● **Directions for this task**
Scan the listing below for the word "with" and copy every line where it occurs.
•••
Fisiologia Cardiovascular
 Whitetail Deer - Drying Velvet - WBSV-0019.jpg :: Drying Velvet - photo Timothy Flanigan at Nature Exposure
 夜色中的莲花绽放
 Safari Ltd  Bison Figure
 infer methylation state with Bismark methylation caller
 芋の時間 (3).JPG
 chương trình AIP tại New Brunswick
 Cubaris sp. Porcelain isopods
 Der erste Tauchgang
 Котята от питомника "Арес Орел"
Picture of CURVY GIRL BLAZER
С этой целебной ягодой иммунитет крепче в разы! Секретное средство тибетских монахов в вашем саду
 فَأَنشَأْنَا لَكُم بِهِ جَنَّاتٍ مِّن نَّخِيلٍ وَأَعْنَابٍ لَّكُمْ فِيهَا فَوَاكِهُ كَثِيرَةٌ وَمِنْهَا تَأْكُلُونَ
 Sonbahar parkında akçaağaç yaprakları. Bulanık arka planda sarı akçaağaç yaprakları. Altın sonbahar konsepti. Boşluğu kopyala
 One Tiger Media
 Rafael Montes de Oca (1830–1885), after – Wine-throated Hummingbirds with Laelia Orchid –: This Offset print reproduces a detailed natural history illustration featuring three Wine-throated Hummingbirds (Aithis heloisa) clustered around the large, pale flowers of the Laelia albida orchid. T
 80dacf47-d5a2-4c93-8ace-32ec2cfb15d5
•••
● **Exercise response**
 infer methylation state with Bismark methylation caller
 Rafael Montes de Oca (1830–1885), after – Wine-throated Hummingbirds with Laelia Orchid –: This Offset print reproduces a detailed natural history illustration featuring three Wine-throated Hummingbirds (Aithis heloisa) clustered around the large, pale flowers of the Laelia albida orchid. T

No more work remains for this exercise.